Past December's cannot be used to absolutely define the current market we are in today, but they held, so as a result the strategies that I am offering to clients are proactive, they involve high degrees of cost basis improvement and we implement cost basis improvement techniques in the accounts I manage too, but the accurate full disclosure is that my underlying bias is to expect the market to rally from these lows through the end of the year.
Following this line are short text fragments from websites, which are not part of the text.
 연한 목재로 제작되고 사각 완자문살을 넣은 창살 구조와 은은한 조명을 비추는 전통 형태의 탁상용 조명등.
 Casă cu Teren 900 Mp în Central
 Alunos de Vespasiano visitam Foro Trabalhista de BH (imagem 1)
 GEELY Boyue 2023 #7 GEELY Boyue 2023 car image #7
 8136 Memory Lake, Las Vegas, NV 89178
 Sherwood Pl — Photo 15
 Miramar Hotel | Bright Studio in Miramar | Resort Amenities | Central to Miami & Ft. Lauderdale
That disclosure does not satisfy the purpose of this article, but it is important to understand.  The purpose of this article is instead to rationalize the aggressive declines we have seen in December so far.  Of course, anyone paying even a lick of attention is going to point to two catalysts.  First, the declining price of iPath S&P GSCI Crude Oil Total Return (NYSEARCA:OIL)  is playing a major role, and the active selling that is taking place in iShares iBoxx $ High Yid Corp Bond (ETF) (NYSEARCA:HYG) is as well.  One clearly piggybacks on the other, as high yield bonds are weak as a result of weak oil prices, but even more interesting catalysts are at play.

First of all, and this is not quantifiable using any public data, it seems as if hedge funds, especially those that were lagging the market, took a potshot at the short side of the oil market when Opec decided not to cut production.  They successfully started a snowball and in large part that catalyst is playing a role in the decline of oil prices.  The media is going to debate supply and demand, and absolutely that should play a role, but that influence is consumer-market based, and would not have had the impact it has had in year's past.  Instead, it is the futures market for oil that has been driven down so fast by these institutions, and to their credit that has been an exceptional trade.  They saw the opportunity to manipulate that market and they took it.
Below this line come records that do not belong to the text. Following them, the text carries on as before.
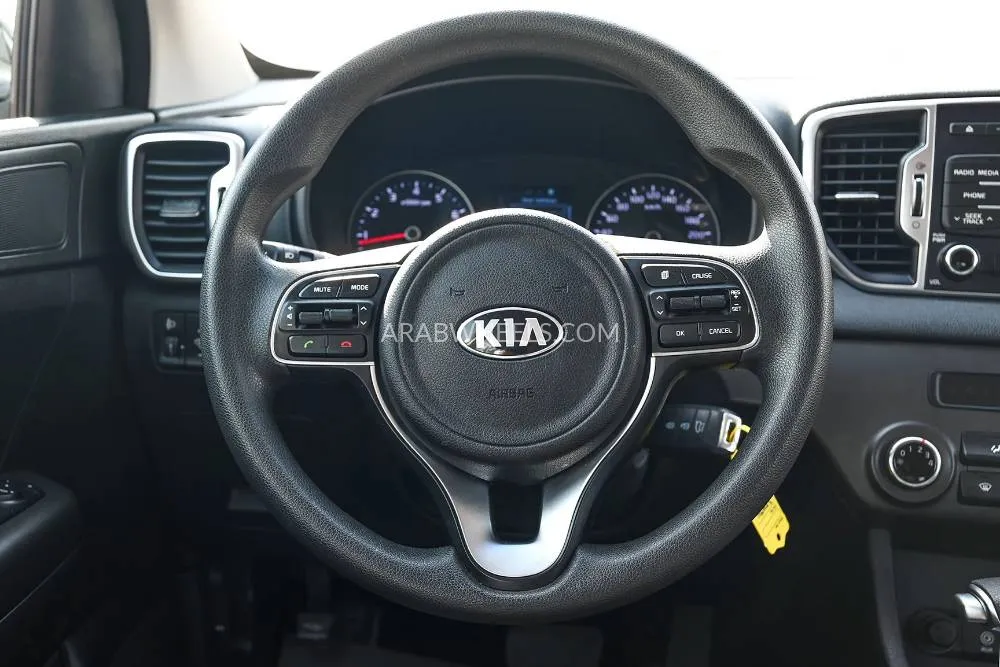 Kia Sportage 2018 for Sale in Sharjah Image-15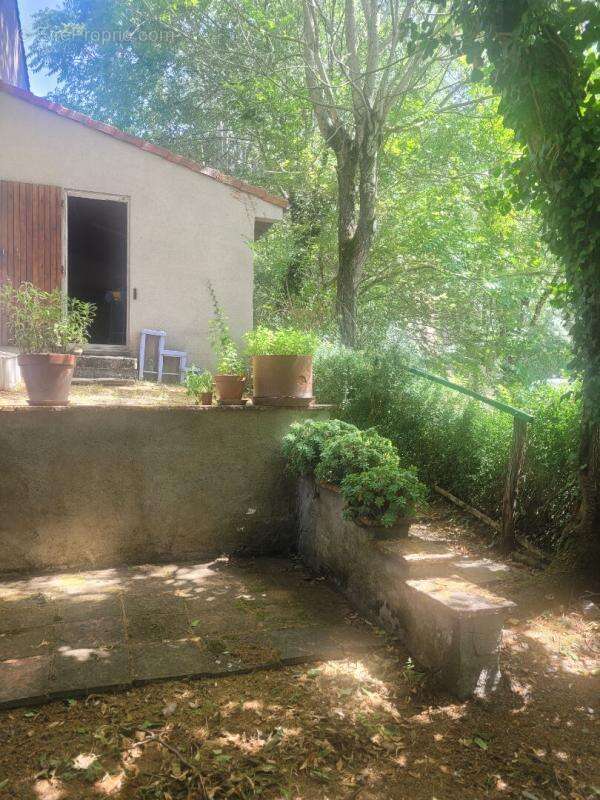31540 MONTÉGUT-LAURAGAIS- Maison de village en pierre avec garage et jardin - photo 10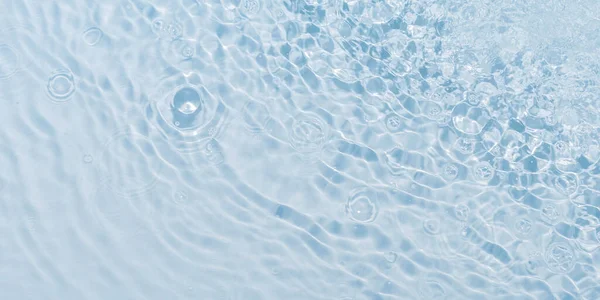 水滴や円からの振動 トップビューと水青の背景 きれいで透明な表面からのバナー 美しい背景 — ストック写真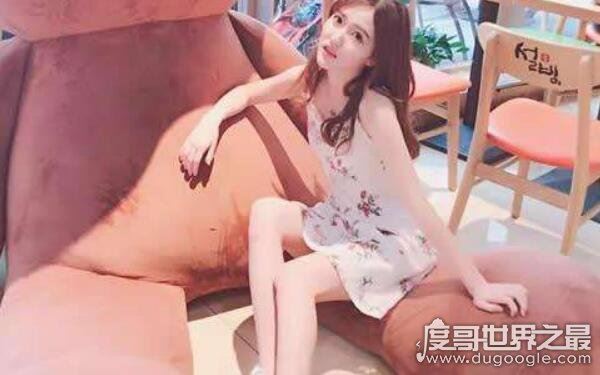 疑似不雅视频外流，宸荨樱桃黑葡萄事件真相揭秘（内含多处疑点）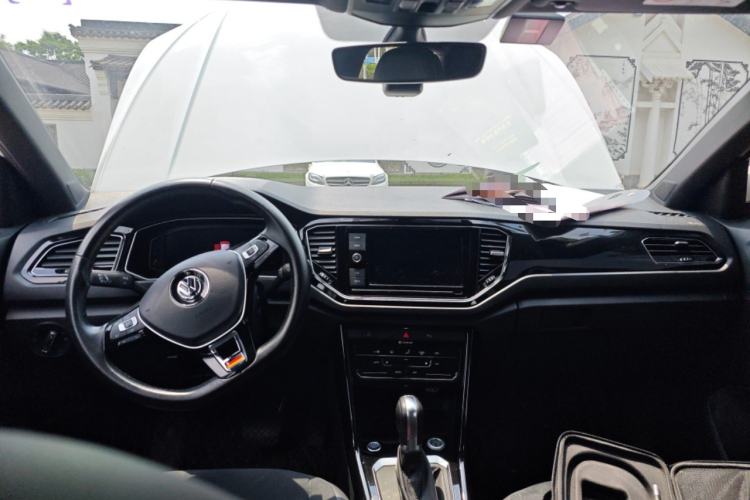 Used Volkswagen T-ROC 2019 280TSI DSG Two-Wheel-Drive Luxury Version China V Emission Standard Interior 2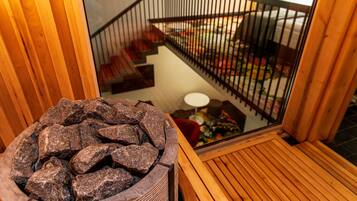 Royal-Suite | Hochwertige Bettwaren, Zimmersafe, individuell eingerichtet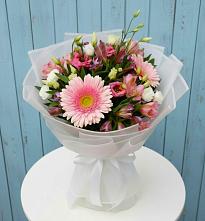Букет цветов из:  Герберы, Альстромерии и Лизиантусы #REPLACE_PRED# Петино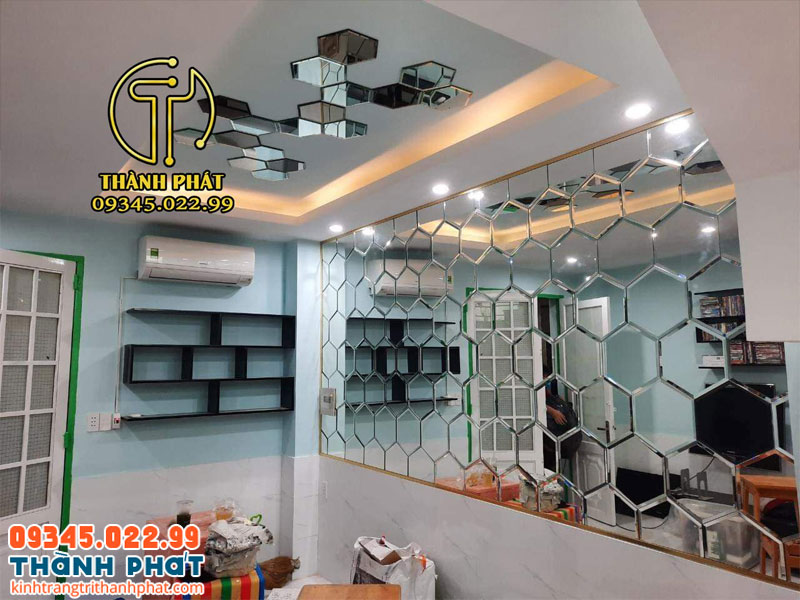 Mẫu gương dán tường hình lục giác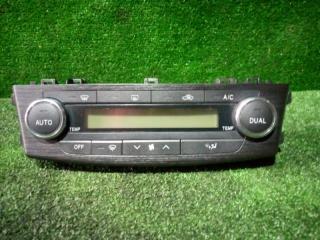 Блок управления климат-контролем Toyota Avensis 2009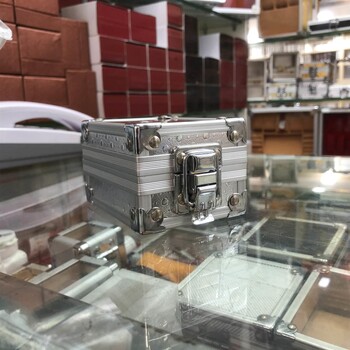 小型透明翻盖玻璃手表铝盒表盒定制惠贞包装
I think that's a great job by them, and that leads to the point of this article. 

In years past institutional investors were very reluctant to try to manipulate a market like we're doing now in Oil because there was a constant flow of added liquidity being injected into the system by the Federal Reserve every month.  Now, the constant flow of liquidity is no longer there, the monthly stimulus program is over, and that opens the door for extreme levels of market volatility from time to time.  In fact, it is our observation that 2015 will be a year of dramatic swings and excessive volatility and it is absolutely because the constant flow of stimulus that stabilized the market in years past is no longer there and institutional investors who find opportunity to manipulate markets from time to time will absolutely take the when they can.

What we have seen thus far in December is a precursor to what we will see next year and that is absolutely the most important takeaway you can have from what has taken place so far.  Yes, I expect the market to increase to the end of the year, based on what I know about December's, but we're absolutely proactive and our strategies are designed to control risk and reduce cost basis when needed. 

Anyone who was expecting a sanguine market environment like they have seen in years past needs to rethink their expectation for 2015 and should consider the markets action in December as the leading indicator of what next year will be like.  We are not in Kansas anymore and the FOMC is not there to hold your hand and make everything feel warm and fuzzy when the going gets tough.